I am using the R programming language. I am trying to figure out how to "recreate" plots in ggplot2/plotly, once they have been created in base R.
For example, I created some data and made a plot :
library(Rtsne)
library(cluster)
library(ggplot2)
library(dplyr)
library(dbscan)
library(plotly)
#generate data
var_1 <- rnorm(100,1,4)
var_2<-rnorm(100,10,5)
var_3 <- sample( LETTERS[1:4], 100, replace=TRUE, prob=c(0.1, 0.2, 0.65, 0.05) )
response_variable <- sample( LETTERS[1:2], 100, replace=TRUE, prob=c(0.4, 0.6) )
#put them into a data frame called "f"
f <- data.frame(var_1, var_2, var_3, response_variable)
#declare var_3 and response_variable as factors
f$response_variable = as.factor(f$response_variable)
f$var_3 = as.factor(f$var_3)
#create id
f$ID <- seq_along(f[,1])
#gower distance
gower_dist <- daisy(f[, -c(4,5)],
metric = "gower")
#lof plot
lof <- lof(gower_dist, k=3)
plot(gower_dist, pch = ".", main = "LOF (k=3)")
points(gower_dist, cex = (lof-1)*3, pch = 1, col="red")
text(gower_dist[lof>2,], labels = round(lof, 1)[lof>2], pos = 3)
Here is a picture of the plot:
Now, I am trying to recreate a similar plot in ggplot2 and plotly.

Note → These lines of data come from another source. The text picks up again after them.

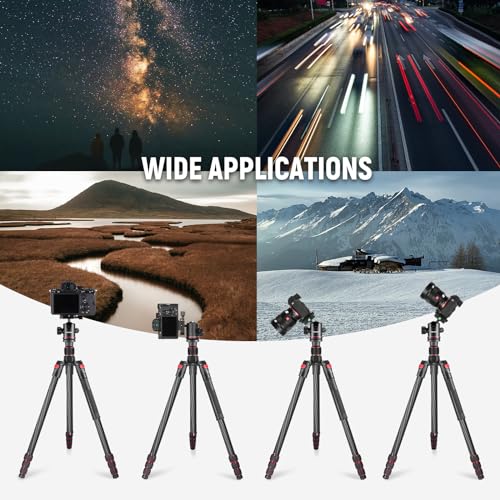 66" 168cm Carbon Fiber Camera Tripod with 360° Ball Head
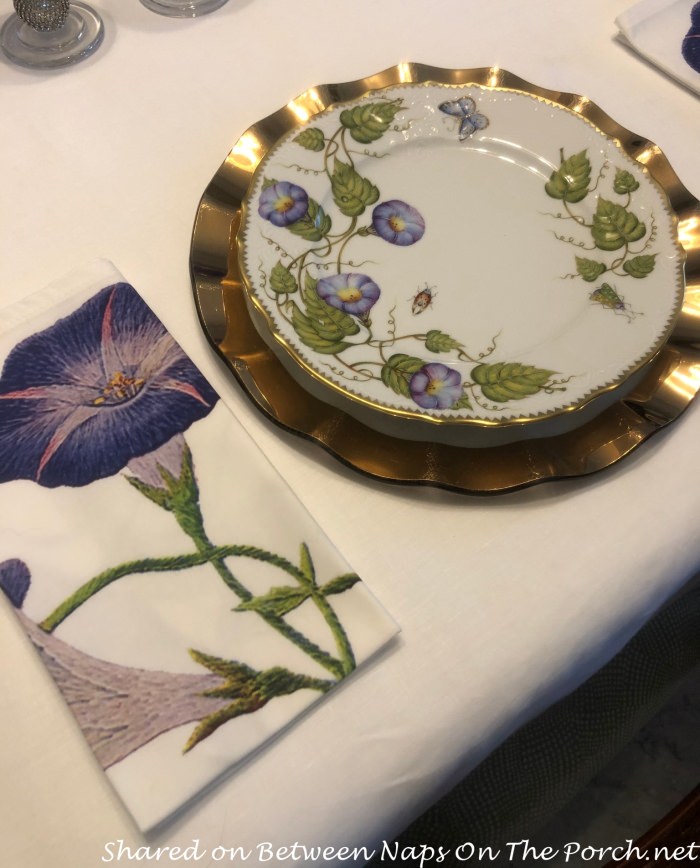 Embroidered Napkins, Morning Glory Pattern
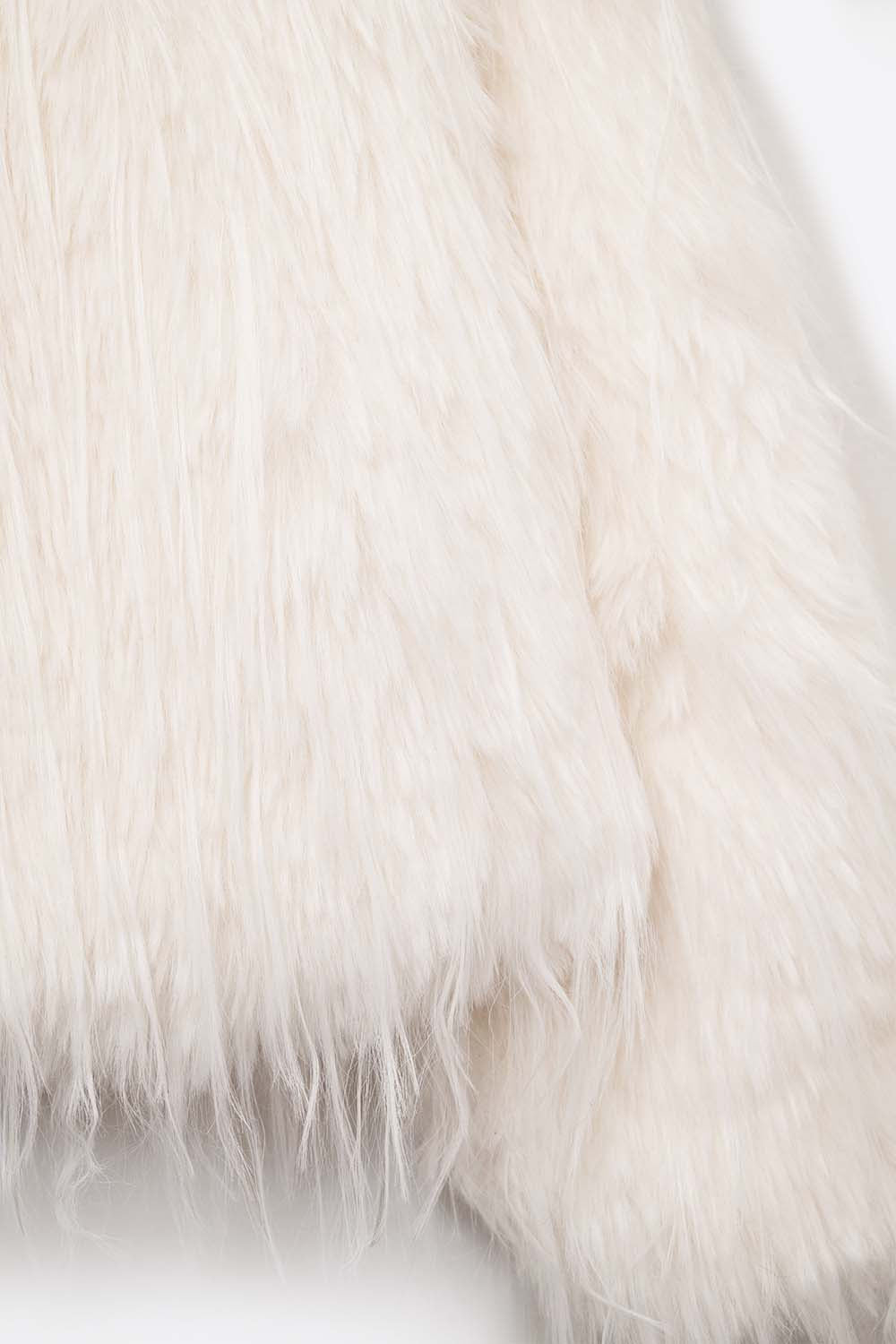 White Collarless Faux Fur Jacket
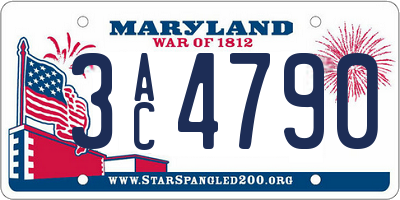 MD license plate 3AC4790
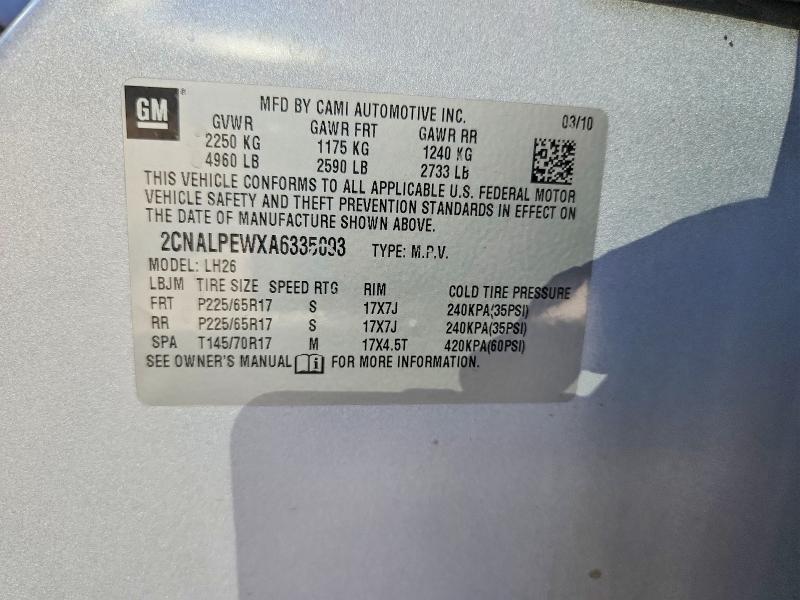 Aukcja sprzedaży 2010 Chevrolet Equinox, vin: 2CNALPEWXA6335093, numer aukcji: 55115296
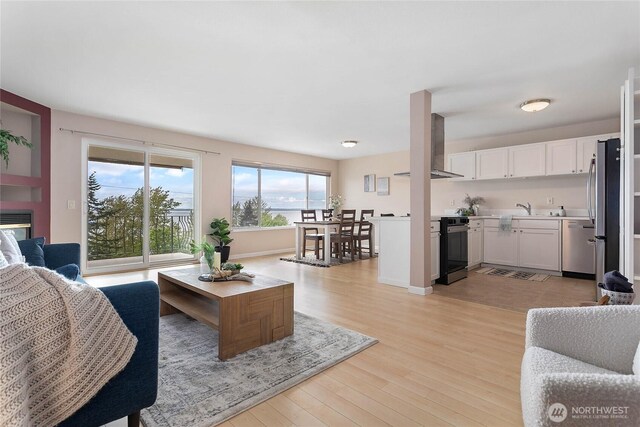 living area with light wood-style flooring
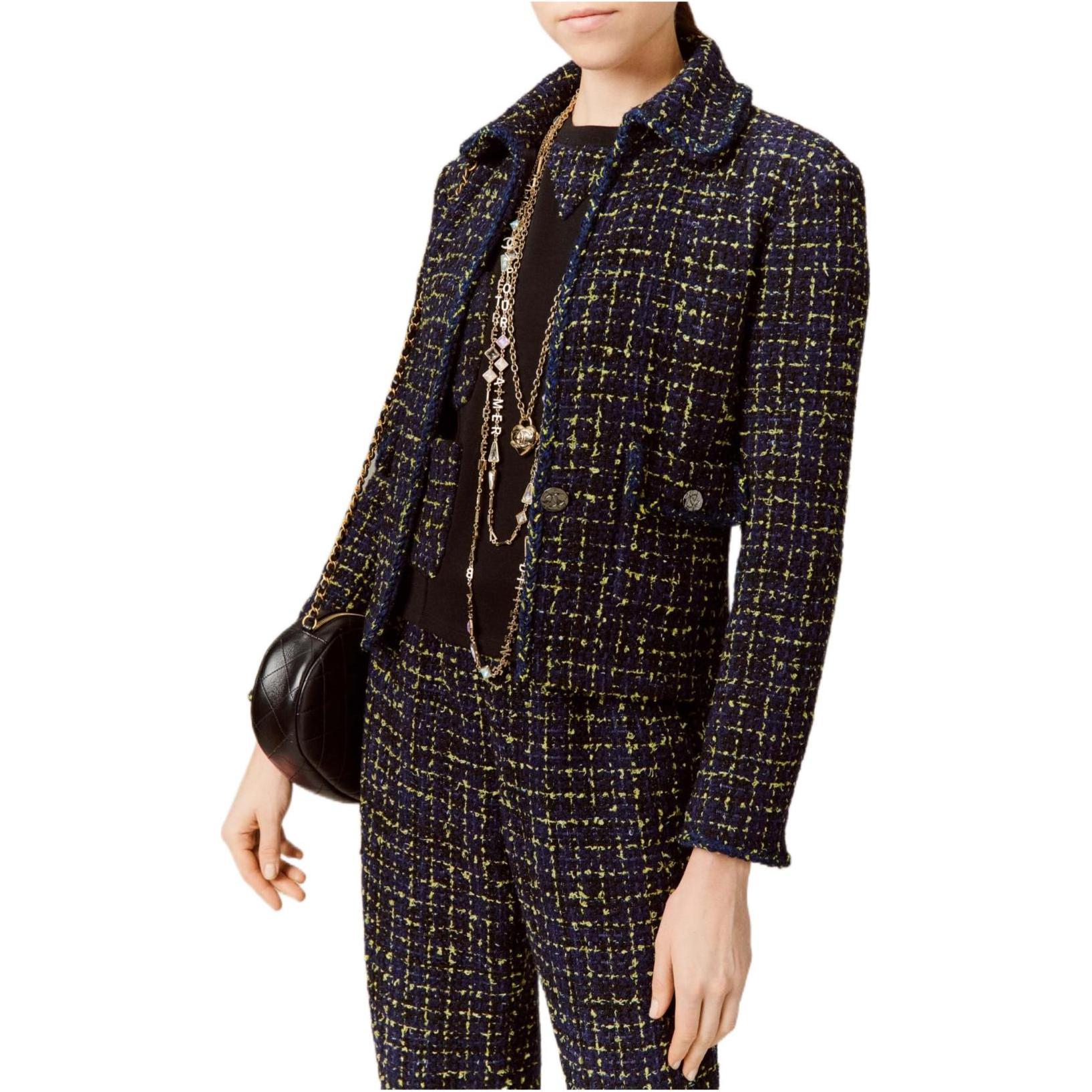 (Women) CHANEL Tweed Collared Single-Breasted Jacket Women FW22 Black P73337-V64913-NJ586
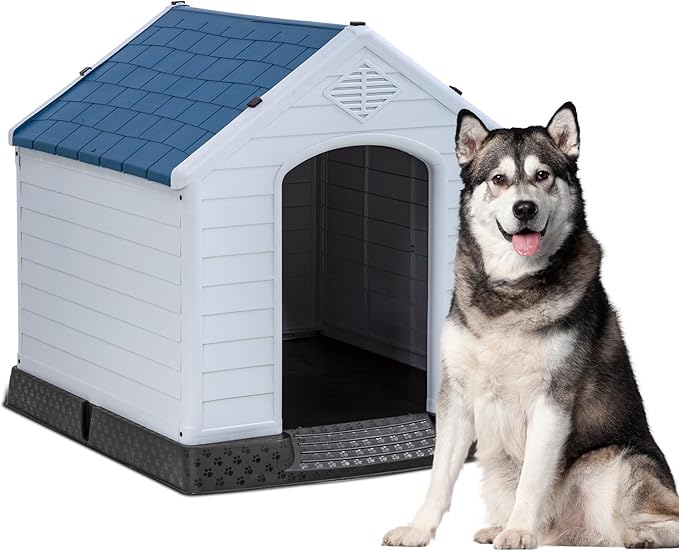 FDW 39-Inch Dog House Indoor Outdoor Durable Ventilate Waterproof Pet Plastic Dog House for Large Dogs Insulated Puppy Shelter Kennel Crate with Air Vents and Elevated Floor,Dark Black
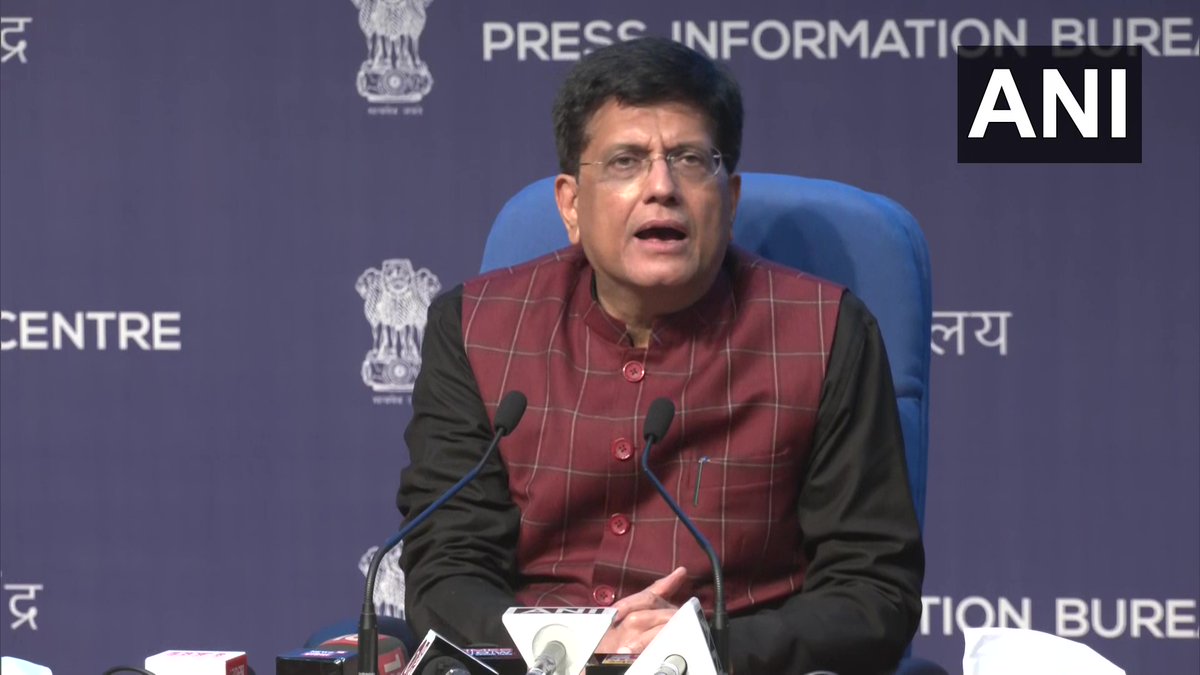 ANI's tweet image. More than 80 crore people will now get free foodgrains under National Food Security Act. They will not have to pay a single rupee to get food grains til Dec 2023. Govt will spend around Rs 2 lakh crores per year on this: Union Minister Piyush Goyal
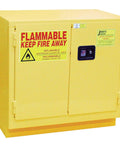 Heavy Duty Flammable Safety Cabinet 30 Gallon Under Counter Chemical Storage Double Door Fire Rated Workshop Storage in classic bright yellow.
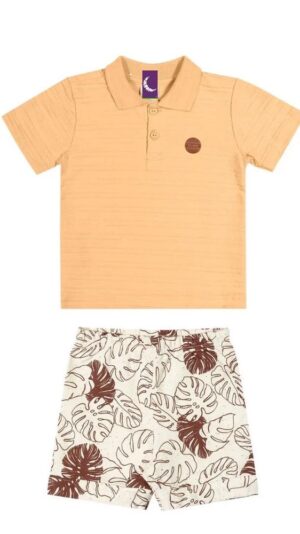Conjunto Infantil Menino Folhagem Laranja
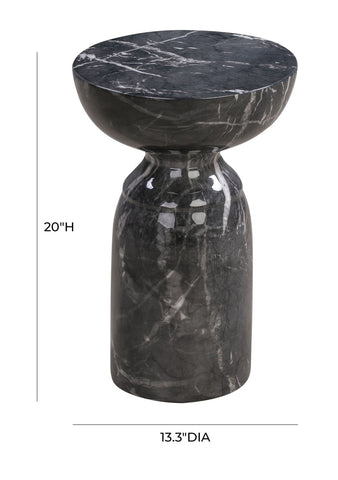 Rue Black Marble Indoor / Outdoor Concrete Round Side Table Model: TOV-OC44040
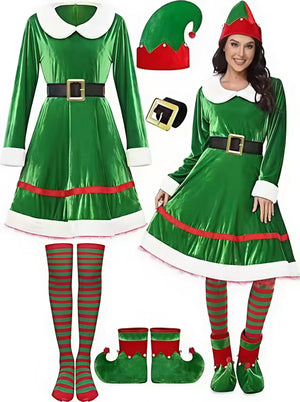 Christmas Velvet Dress Belt Striped Over-the-knee Socks Elf Hat Elf Costume Multi-piece Sets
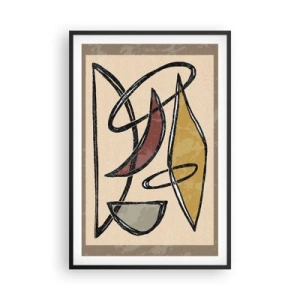 Plakat i sort ramme - Komposition - buer og ovaler - 61x91 cm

I ran a statistical algorithm called tsne :
# tsne
tsne_obj <- Rtsne(gower_dist, is_distance = TRUE)
tsne_data <- tsne_obj$Y %>%
data.frame() %>%
setNames(c("X", "Y")) %>%
mutate(
name = f$ID)
I want the axis of the new graph to be : (tsne_data$X , tsne_data$Y).
I am not sure if it is still possible to recreate the previous plot in ggplot2 using the red circles (the radius of the red circles are proportionate to the "lof" score). Is it still possible to make a similar plot in ggplot2 as I did before? Is it possible to change the size of the points in ggplot2 to be proportional to the "lof" values?
I tried the following:
plot = ggplot(aes(x = X, y = Y), data = tsne_data) + geom_point(aes())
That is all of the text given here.